渡邊義明牧師
本日からヨセフの物語に入ります。ヤコブには12人の息子がいました。そのうちの11人番目の息子がヨセフです。ヤコブにとっては年寄り子であったので、どの息子よりヨセフを可愛がりました。しかも、ヨセフは最愛の女性ラケルの生んだ最初の子でした。その後、ラケルはベニヤミンを出産すると同時に亡くなってしまいました。ラケルは顔も美しく容姿も優れていたのですが、ヨセフもそれを受け継いで顔も美しく、体つきも優れていたので今は亡き最愛の妻の面影をしのばせるヨセフを特に愛したのでしょう。
☆ヤコブの偏愛
その特別に愛するヨセフに、ヤコブは裾の長い、美しい晴れ着を作って着せました。
そのことも兄たちには腹立たしいことでした。
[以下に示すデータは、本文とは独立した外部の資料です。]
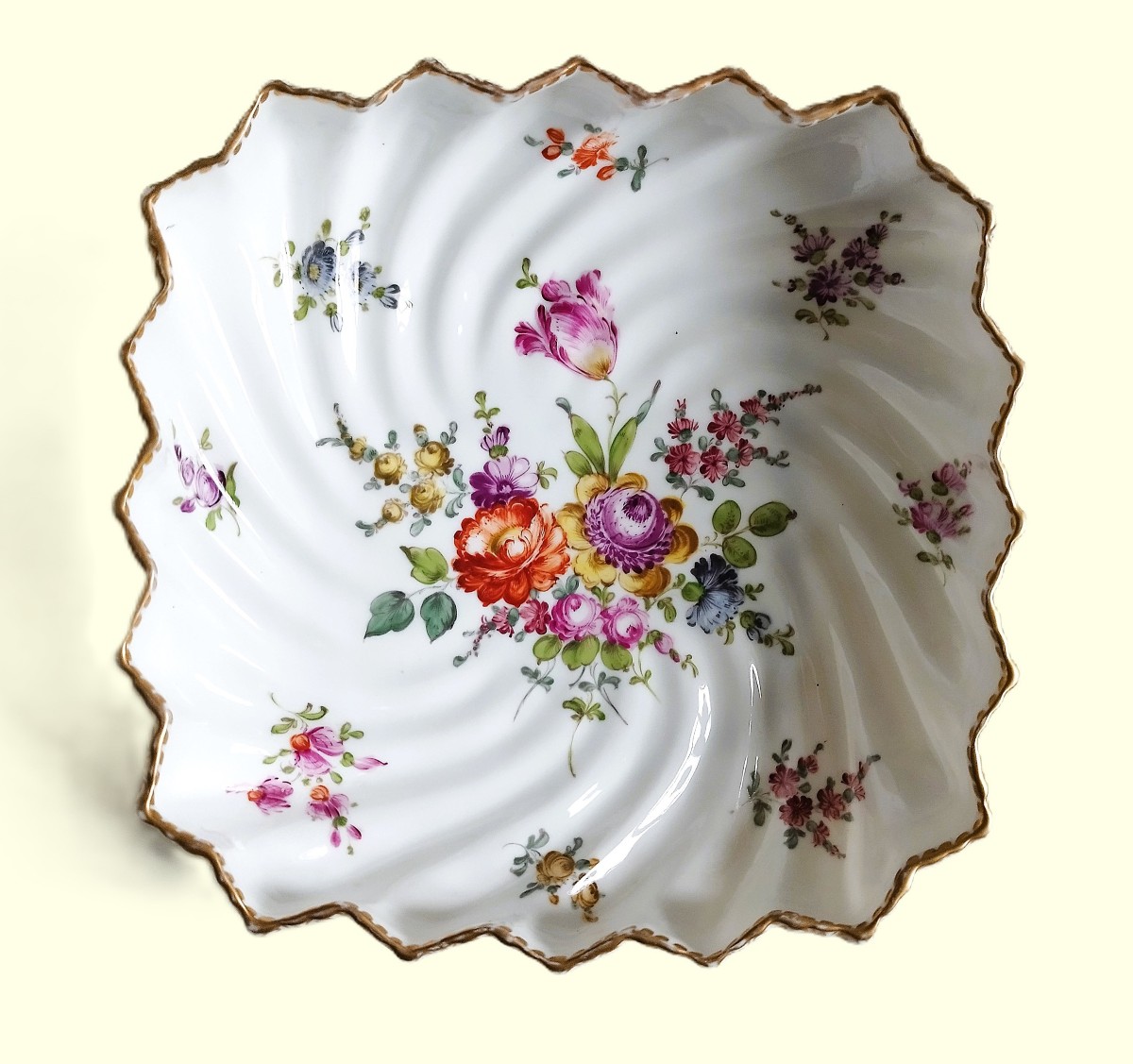 Antique Hand Painted Porcelain Fruit Bowl From Germany-photo-2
兄たちからすれば、腹立たしいことでした。ヤコブの家業は羊飼いです。その合間に畑仕事もしていました。ですから兄たちはその野良仕事に適した裾の短い、地味な色の作業着を着せられていたからです。
裾の長い晴れ着を着ていたということは、そのような労働から解放されていたことを表しています。おそらく、普段の生活も異なっていたのでしょう。
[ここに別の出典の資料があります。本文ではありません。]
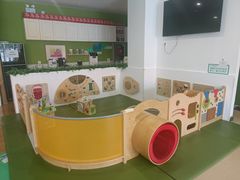 -乐融婴幼儿成长中心(四季青校区)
おそらく、ヨセフの一日には多くの余暇が与えられていました。そして、その余暇を利用して彼はヤコブから特別に教育を受けていたと思われます。
ヨセフは兄たちが労働に従事している間に、ヤコブから何を教わっていたか。
それはもちろん第一に神についての知識でしょう。
ヤコブはこれまで自分が経験してきた数々の事柄や、先祖のアブラハムやイサク、ノアの箱舟やバベルの塔の話も教え、神を畏れ敬うことの大切さ、また神はご自分を切に求める者にはご自分を現し、またご自分を信じる者には必ず報いてくださることなども伝えたことでしょう。
☆神を見るために
「すべての人との平和を、また聖なる生活を追い求めなさい、聖なる生活を抜きにして、だれも主を見ることはできません。」著者は2つのことを言っています。1つはすべての人との平和を追い求めよ、もう1つは聖なる生活を追い求めよ、です。これは、イエス様が言われた「心の清い人々は幸いである。その人たちは神を見る。平和を実現する人々は幸いである。その人たちは神の子と呼ばれる。」と同じ内容です。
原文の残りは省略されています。